» **Work instruction**
Repeat the entire listing exactly as written.

» **Input records**
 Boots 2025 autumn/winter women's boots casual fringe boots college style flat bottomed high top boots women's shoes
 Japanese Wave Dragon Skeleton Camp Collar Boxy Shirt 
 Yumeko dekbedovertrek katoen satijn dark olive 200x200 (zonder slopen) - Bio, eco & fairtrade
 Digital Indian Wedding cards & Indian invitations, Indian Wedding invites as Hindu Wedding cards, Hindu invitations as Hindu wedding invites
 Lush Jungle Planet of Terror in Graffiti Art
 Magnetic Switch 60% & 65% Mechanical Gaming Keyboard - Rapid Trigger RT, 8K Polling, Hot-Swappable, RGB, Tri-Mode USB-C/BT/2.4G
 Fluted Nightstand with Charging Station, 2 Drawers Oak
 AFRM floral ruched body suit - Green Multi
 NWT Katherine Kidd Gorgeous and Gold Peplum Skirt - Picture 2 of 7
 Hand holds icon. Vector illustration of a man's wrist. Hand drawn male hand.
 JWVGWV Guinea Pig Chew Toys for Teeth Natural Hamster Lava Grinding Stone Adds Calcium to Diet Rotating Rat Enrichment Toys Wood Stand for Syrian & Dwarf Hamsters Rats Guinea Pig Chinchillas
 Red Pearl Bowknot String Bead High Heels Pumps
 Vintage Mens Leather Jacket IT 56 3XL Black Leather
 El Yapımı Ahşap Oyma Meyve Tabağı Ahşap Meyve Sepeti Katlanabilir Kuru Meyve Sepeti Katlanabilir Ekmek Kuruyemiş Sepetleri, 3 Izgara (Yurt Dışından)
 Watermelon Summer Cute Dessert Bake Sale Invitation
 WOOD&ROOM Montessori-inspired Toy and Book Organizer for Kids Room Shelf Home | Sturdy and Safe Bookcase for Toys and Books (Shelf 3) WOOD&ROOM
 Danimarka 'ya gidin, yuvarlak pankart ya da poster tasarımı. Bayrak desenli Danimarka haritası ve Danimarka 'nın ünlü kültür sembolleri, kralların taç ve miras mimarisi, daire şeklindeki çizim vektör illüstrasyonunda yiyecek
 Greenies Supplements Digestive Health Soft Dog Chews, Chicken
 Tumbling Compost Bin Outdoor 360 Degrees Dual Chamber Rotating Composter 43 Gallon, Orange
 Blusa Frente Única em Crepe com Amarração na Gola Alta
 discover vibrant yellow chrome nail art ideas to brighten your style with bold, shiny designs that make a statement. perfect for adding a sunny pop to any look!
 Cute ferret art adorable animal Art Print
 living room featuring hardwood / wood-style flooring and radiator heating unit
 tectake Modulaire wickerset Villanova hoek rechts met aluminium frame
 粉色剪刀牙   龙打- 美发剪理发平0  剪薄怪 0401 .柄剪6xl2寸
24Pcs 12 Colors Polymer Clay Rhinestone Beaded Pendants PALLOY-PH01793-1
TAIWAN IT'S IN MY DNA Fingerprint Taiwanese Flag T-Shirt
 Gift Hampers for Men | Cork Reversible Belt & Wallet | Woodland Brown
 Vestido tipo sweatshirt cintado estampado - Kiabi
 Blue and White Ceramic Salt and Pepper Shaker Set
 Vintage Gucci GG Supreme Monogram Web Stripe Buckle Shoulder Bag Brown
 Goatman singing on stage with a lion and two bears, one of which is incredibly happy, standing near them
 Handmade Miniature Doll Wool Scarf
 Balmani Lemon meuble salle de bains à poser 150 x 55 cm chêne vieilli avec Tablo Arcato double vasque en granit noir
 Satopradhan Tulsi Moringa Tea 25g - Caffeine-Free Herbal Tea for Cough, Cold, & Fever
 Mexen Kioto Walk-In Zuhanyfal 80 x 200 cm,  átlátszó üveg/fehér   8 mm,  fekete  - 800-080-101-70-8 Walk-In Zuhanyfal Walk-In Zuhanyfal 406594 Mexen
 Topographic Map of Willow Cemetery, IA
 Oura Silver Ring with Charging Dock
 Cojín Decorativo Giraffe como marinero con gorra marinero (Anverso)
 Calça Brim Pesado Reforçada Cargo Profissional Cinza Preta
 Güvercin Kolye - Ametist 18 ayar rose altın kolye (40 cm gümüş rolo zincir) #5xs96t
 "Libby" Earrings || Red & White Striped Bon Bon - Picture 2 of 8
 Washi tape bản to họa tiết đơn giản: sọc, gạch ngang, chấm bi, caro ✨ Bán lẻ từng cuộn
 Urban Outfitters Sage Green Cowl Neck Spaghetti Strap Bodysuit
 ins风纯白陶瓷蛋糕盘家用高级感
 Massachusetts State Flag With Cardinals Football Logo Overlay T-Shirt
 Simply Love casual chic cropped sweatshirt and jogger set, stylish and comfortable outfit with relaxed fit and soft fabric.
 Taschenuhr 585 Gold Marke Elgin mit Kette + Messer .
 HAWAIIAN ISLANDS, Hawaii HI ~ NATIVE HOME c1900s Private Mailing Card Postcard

» **Task response**
 Boots 2025 autumn/winter women's boots casual fringe boots college style flat bottomed high top boots women's shoes
 Japanese Wave Dragon Skeleton Camp Collar Boxy Shirt 
 Yumeko dekbedovertrek katoen satijn dark olive 200x200 (zonder slopen) - Bio, eco & fairtrade
 Digital Indian Wedding cards & Indian invitations, Indian Wedding invites as Hindu Wedding cards, Hindu invitations as Hindu wedding invites
 Lush Jungle Planet of Terror in Graffiti Art
 Magnetic Switch 60% & 65% Mechanical Gaming Keyboard - Rapid Trigger RT, 8K Polling, Hot-Swappable, RGB, Tri-Mode USB-C/BT/2.4G
 Fluted Nightstand with Charging Station, 2 Drawers Oak
 AFRM floral ruched body suit - Green Multi
 NWT Katherine Kidd Gorgeous and Gold Peplum Skirt - Picture 2 of 7
 Hand holds icon. Vector illustration of a man's wrist. Hand drawn male hand.
 JWVGWV Guinea Pig Chew Toys for Teeth Natural Hamster Lava Grinding Stone Adds Calcium to Diet Rotating Rat Enrichment Toys Wood Stand for Syrian & Dwarf Hamsters Rats Guinea Pig Chinchillas
 Red Pearl Bowknot String Bead High Heels Pumps
 Vintage Mens Leather Jacket IT 56 3XL Black Leather
 El Yapımı Ahşap Oyma Meyve Tabağı Ahşap Meyve Sepeti Katlanabilir Kuru Meyve Sepeti Katlanabilir Ekmek Kuruyemiş Sepetleri, 3 Izgara (Yurt Dışından)
 Watermelon Summer Cute Dessert Bake Sale Invitation
 WOOD&ROOM Montessori-inspired Toy and Book Organizer for Kids Room Shelf Home | Sturdy and Safe Bookcase for Toys and Books (Shelf 3) WOOD&ROOM
 Danimarka 'ya gidin, yuvarlak pankart ya da poster tasarımı. Bayrak desenli Danimarka haritası ve Danimarka 'nın ünlü kültür sembolleri, kralların taç ve miras mimarisi, daire şeklindeki çizim vektör illüstrasyonunda yiyecek
 Greenies Supplements Digestive Health Soft Dog Chews, Chicken
 Tumbling Compost Bin Outdoor 360 Degrees Dual Chamber Rotating Composter 43 Gallon, Orange
 Blusa Frente Única em Crepe com Amarração na Gola Alta
 discover vibrant yellow chrome nail art ideas to brighten your style with bold, shiny designs that make a statement. perfect for adding a sunny pop to any look!
 Cute ferret art adorable animal Art Print
 living room featuring hardwood / wood-style flooring and radiator heating unit
 tectake Modulaire wickerset Villanova hoek rechts met aluminium frame
 粉色剪刀牙   龙打- 美发剪理发平0  剪薄怪 0401 .柄剪6xl2寸
24Pcs 12 Colors Polymer Clay Rhinestone Beaded Pendants PALLOY-PH01793-1
TAIWAN IT'S IN MY DNA Fingerprint Taiwanese Flag T-Shirt
 Gift Hampers for Men | Cork Reversible Belt & Wallet | Woodland Brown
 Vestido tipo sweatshirt cintado estampado - Kiabi
 Blue and White Ceramic Salt and Pepper Shaker Set
 Vintage Gucci GG Supreme Monogram Web Stripe Buckle Shoulder Bag Brown
 Goatman singing on stage with a lion and two bears, one of which is incredibly happy, standing near them
 Handmade Miniature Doll Wool Scarf
 Balmani Lemon meuble salle de bains à poser 150 x 55 cm chêne vieilli avec Tablo Arcato double vasque en granit noir
 Satopradhan Tulsi Moringa Tea 25g - Caffeine-Free Herbal Tea for Cough, Cold, & Fever
 Mexen Kioto Walk-In Zuhanyfal 80 x 200 cm,  átlátszó üveg/fehér   8 mm,  fekete  - 800-080-101-70-8 Walk-In Zuhanyfal Walk-In Zuhanyfal 406594 Mexen
 Topographic Map of Willow Cemetery, IA
 Oura Silver Ring with Charging Dock
 Cojín Decorativo Giraffe como marinero con gorra marinero (Anverso)
 Calça Brim Pesado Reforçada Cargo Profissional Cinza Preta
 Güvercin Kolye - Ametist 18 ayar rose altın kolye (40 cm gümüş rolo zincir) #5xs96t
 "Libby" Earrings || Red & White Striped Bon Bon - Picture 2 of 8
 Washi tape bản to họa tiết đơn giản: sọc, gạch ngang, chấm bi, caro ✨ Bán lẻ từng cuộn
 Urban Outfitters Sage Green Cowl Neck Spaghetti Strap Bodysuit
 ins风纯白陶瓷蛋糕盘家用高级感
 Massachusetts State Flag With Cardinals Football Logo Overlay T-Shirt
 Simply Love casual chic cropped sweatshirt and jogger set, stylish and comfortable outfit with relaxed fit and soft fabric.
 Taschenuhr 585 Gold Marke Elgin mit Kette + Messer .
 HAWAIIAN ISLANDS, Hawaii HI ~ NATIVE HOME c1900s Private Mailing Card Postcard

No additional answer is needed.